**Requirement**
Give back exactly the lines that run from the beginning of the entries to the line containing "Chemise à manches", both included, and nothing else.

**Provided data**
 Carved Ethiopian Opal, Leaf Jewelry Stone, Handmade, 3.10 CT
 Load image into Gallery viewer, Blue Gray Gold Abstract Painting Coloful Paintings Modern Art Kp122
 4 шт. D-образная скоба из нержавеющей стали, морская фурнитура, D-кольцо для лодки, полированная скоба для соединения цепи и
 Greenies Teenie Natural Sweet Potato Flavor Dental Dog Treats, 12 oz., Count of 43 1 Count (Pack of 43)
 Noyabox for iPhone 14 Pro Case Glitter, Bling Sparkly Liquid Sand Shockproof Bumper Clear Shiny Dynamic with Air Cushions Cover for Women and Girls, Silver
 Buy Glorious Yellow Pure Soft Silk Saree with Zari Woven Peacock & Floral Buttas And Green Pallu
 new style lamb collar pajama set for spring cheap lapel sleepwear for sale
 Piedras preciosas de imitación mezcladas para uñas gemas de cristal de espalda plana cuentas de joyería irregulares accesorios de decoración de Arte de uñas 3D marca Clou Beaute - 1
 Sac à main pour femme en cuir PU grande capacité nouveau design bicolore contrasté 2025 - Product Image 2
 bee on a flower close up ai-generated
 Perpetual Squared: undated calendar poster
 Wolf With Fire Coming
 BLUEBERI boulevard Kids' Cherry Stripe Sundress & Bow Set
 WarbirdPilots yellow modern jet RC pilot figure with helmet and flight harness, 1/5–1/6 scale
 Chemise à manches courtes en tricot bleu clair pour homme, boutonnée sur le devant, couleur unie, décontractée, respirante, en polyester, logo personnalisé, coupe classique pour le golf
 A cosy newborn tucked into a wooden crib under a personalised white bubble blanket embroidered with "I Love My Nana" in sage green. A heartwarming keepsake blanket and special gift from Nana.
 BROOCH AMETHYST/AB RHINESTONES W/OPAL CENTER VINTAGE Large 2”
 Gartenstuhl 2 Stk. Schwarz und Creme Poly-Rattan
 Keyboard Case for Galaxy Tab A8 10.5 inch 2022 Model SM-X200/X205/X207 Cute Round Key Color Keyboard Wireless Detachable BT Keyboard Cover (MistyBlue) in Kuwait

**Expected answer**
 Carved Ethiopian Opal, Leaf Jewelry Stone, Handmade, 3.10 CT
 Load image into Gallery viewer, Blue Gray Gold Abstract Painting Coloful Paintings Modern Art Kp122
 4 шт. D-образная скоба из нержавеющей стали, морская фурнитура, D-кольцо для лодки, полированная скоба для соединения цепи и
 Greenies Teenie Natural Sweet Potato Flavor Dental Dog Treats, 12 oz., Count of 43 1 Count (Pack of 43)
 Noyabox for iPhone 14 Pro Case Glitter, Bling Sparkly Liquid Sand Shockproof Bumper Clear Shiny Dynamic with Air Cushions Cover for Women and Girls, Silver
 Buy Glorious Yellow Pure Soft Silk Saree with Zari Woven Peacock & Floral Buttas And Green Pallu
 new style lamb collar pajama set for spring cheap lapel sleepwear for sale
 Piedras preciosas de imitación mezcladas para uñas gemas de cristal de espalda plana cuentas de joyería irregulares accesorios de decoración de Arte de uñas 3D marca Clou Beaute - 1
 Sac à main pour femme en cuir PU grande capacité nouveau design bicolore contrasté 2025 - Product Image 2
 bee on a flower close up ai-generated
 Perpetual Squared: undated calendar poster
 Wolf With Fire Coming
 BLUEBERI boulevard Kids' Cherry Stripe Sundress & Bow Set
 WarbirdPilots yellow modern jet RC pilot figure with helmet and flight harness, 1/5–1/6 scale
 Chemise à manches courtes en tricot bleu clair pour homme, boutonnée sur le devant, couleur unie, décontractée, respirante, en polyester, logo personnalisé, coupe classique pour le golf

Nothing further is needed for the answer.